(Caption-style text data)
....................

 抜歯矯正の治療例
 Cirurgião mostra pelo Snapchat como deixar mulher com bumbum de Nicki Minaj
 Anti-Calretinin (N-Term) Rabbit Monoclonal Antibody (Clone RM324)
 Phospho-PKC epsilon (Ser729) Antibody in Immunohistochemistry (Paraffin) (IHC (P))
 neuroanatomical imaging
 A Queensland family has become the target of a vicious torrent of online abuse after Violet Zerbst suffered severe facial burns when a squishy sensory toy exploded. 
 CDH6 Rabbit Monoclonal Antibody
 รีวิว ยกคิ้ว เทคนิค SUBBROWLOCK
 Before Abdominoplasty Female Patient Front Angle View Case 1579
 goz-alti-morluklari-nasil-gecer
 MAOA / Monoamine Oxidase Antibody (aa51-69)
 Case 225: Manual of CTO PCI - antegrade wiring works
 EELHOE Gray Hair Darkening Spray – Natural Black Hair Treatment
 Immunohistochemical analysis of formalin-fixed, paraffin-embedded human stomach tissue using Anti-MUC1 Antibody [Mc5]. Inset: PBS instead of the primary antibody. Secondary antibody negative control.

....................

Task goal: The answer should consist only of the lines from the one with "EELHOE Gray Hair" to the final line of the records above, retyped word for word.

Task answer:
 EELHOE Gray Hair Darkening Spray – Natural Black Hair Treatment
 Immunohistochemical analysis of formalin-fixed, paraffin-embedded human stomach tissue using Anti-MUC1 Antibody [Mc5]. Inset: PBS instead of the primary antibody. Secondary antibody negative control.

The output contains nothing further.